Revered chef David Chang’s Momofuku restaurants are mobbed upon opening. Beloved pastry chef Christina Tosi, who projects a squeaky clean and earnest image, has a bonafide sweets empire in Milk Bar. Bluestone Lane’s avocado toast and lattes are proliferating around the city, right as Australian cafe culture is at the peak of cool.
What do they all have in common? Stephen Ross. Ross, the billionaire behind Hudson Yards, is under fire today for hosting a fundraiser for President Donald Trump at his Hamptons home this Friday. As such, social media is alight with people encouraging others to cancel their Equinox membership — the luxury gym that Ross owns via his company Related.
Canceling an Equinox membership seems easy enough. That’s just the beginning, though. Ross also has stake in Momofuku, Milk Bar, Bluestone Lane, SoulCycle, fast-casual chain &Pizza, and “for women, by women” tampon start-up Lola. He also outright owns the Miami Dolphins.
Sure, maybe you could look up Ross’ investment company RSE Ventures and decide to not engage with any of those brands. But Ross is just one rich guy.

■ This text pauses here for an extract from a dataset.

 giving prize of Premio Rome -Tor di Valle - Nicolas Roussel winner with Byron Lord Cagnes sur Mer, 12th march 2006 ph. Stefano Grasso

Love making reservations on Resy, splurging at Gramercy Tavern, or grabbing a quick lunch from Dig? Well, their investor Danny Meyer’s company has been accused of mishandling misconduct allegations. Ever dined at charming West Village French bistro Buvette? Mario Batali had ownership there for years. A fan of the lemon ricotta pancakes at Tribeca scene spot Locanda Verde? Ken Friedman — another high-profile restaurateur accused of sexual misconduct — still has ownership in that one. Into Nathan’s hot dogs? The owner of that company is a Trump BFF and has also hosted one of his fundraisers.
And that just skims the surface for public knowledge; the list could go on. Eater NY frequently hears rumors of bad-actor investors and accusations of assault and misconduct. Then there are the restaurant investors who may not be known bad actors, but just assholes — or ones like Ross, who has donated thousands to Republican causes but also helps fund a few Democratic candidates and publicly forward-thinking companies like Lola or &Pizza, whose founder is an active supporter of $15 minimum wage. The point is: There are very few safe places to eat if you want to be a perfect progressive, and it’s not always straightforward.
Okay, so maybe rather than eat out, you should just grocery shop and cook at home instead, except for the fact that Whole Foods is owned by Amazon, which has a track record for poor worker conditions. Or that the owner of local grocery chain Gristedes is also a Trump donor — and owns a lot of real estate in Brooklyn.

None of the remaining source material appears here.